“The cycle of interracial union in my family history is the driving force behind this project, which is based on my family album,” say Zimbabwe-born Tamary Kudita, a fine art photographer based in Cape Town and a recent graduate at UCT Michaelis School of Fine Art.
Specialising in film photography, Tamary’s work has mainly explored notions of race and representation in the postcolonial era. Her latest body of work, titled Maintaining Memories, evokes her family archive and archaic and contemporary photography techniques in a series of new and stirring images.
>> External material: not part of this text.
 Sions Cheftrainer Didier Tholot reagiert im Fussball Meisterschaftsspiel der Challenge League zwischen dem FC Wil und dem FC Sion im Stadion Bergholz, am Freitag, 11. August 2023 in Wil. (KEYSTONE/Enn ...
“My inspiration for the work comes from a story my aunt told me about our family history. My great great great grandfather was a white Anglo Boer War commissioner who fell in love with a black plantation worker named Rosy, who worked for him at that time,” says Tamary, whose process for making these portraits involved using a large 4×5 vintage camera, which works the same way as a pinhole camera.
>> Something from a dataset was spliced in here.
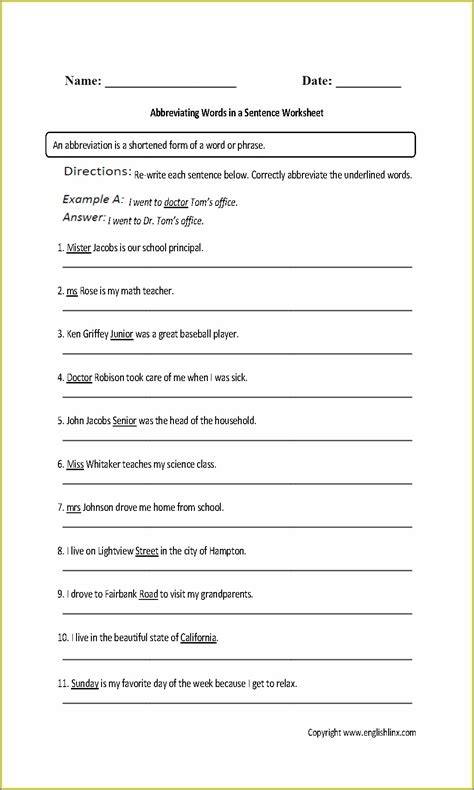 7th Grade English Review Worksheets Worksheet Resume Examples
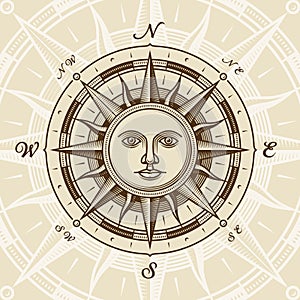 Vintage sun compass rose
“For the images, which are not black and white, I used a digital camera. To mimic early photographs, I used vintage filters on the images.”
“Due to the political climate in the Orange Free State during the early 1900s, [at a time when racial tension, segregation and injustice along racial lines were at an all time high], Rosy and her great great great grandfather were forced to separate. But before parting ways, they had six children”.
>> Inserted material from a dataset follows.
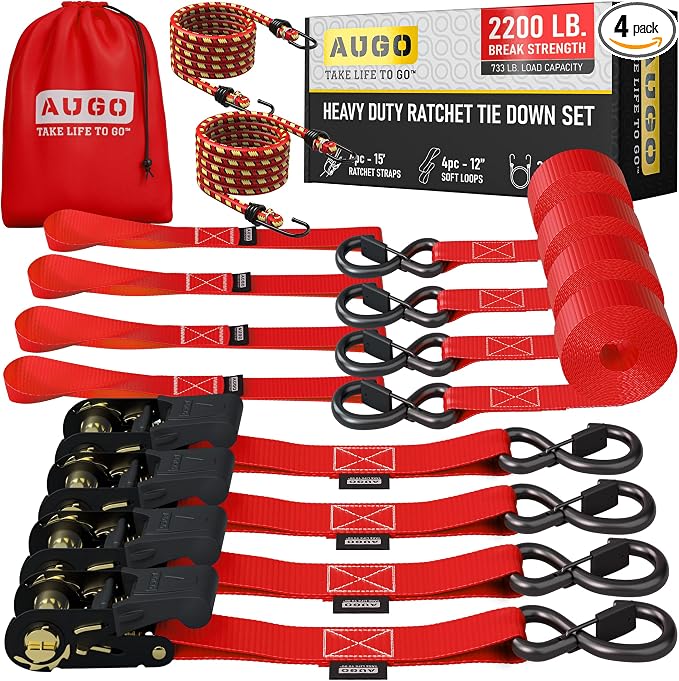 AUGO Ratchet Straps Heavy Duty 4 Pack -15 FT - 2200 LB Break Strength – - Cargo by AUGO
Two of the children were classified as black (Sophie and Namasi,) two of them were classified as coloured (Martha and Lindy) and the other two were classified as white (Peter and Ben).
“My great great grandfather, Peter, grew up and became a boer soldier. He would occasionally sneak food to his siblings at night but when he was caught he was chased away to a black urban area with his wife. Years later they had a son named Harry, who married a black woman.”
Maintaining Memories, which first showed at Michaelis Galleries at the end of last year, pays tribute to them.